"102 Kincora Glen Mews NW Calgary AB T3R 0B6" appears in one line; retype that line and all lines following it through the end of the records, with nothing left out or added.
=== Data provided ===
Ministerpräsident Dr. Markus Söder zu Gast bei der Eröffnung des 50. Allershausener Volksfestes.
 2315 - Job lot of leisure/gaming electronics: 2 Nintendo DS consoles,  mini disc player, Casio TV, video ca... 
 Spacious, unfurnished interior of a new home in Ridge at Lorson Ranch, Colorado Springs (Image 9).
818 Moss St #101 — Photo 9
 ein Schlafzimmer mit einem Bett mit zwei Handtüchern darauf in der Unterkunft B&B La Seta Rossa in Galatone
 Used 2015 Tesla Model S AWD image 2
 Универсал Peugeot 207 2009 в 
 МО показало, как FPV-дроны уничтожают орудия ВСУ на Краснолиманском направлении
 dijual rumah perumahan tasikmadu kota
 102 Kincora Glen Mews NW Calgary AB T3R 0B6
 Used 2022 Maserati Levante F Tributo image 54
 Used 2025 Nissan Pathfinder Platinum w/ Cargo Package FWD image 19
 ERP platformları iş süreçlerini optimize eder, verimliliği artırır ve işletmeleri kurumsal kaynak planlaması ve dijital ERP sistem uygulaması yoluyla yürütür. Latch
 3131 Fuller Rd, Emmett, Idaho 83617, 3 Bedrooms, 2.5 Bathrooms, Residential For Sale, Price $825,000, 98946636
===
Task answer =>
 102 Kincora Glen Mews NW Calgary AB T3R 0B6
 Used 2022 Maserati Levante F Tributo image 54
 Used 2025 Nissan Pathfinder Platinum w/ Cargo Package FWD image 19
 ERP platformları iş süreçlerini optimize eder, verimliliği artırır ve işletmeleri kurumsal kaynak planlaması ve dijital ERP sistem uygulaması yoluyla yürütür. Latch
 3131 Fuller Rd, Emmett, Idaho 83617, 3 Bedrooms, 2.5 Bathrooms, Residential For Sale, Price $825,000, 98946636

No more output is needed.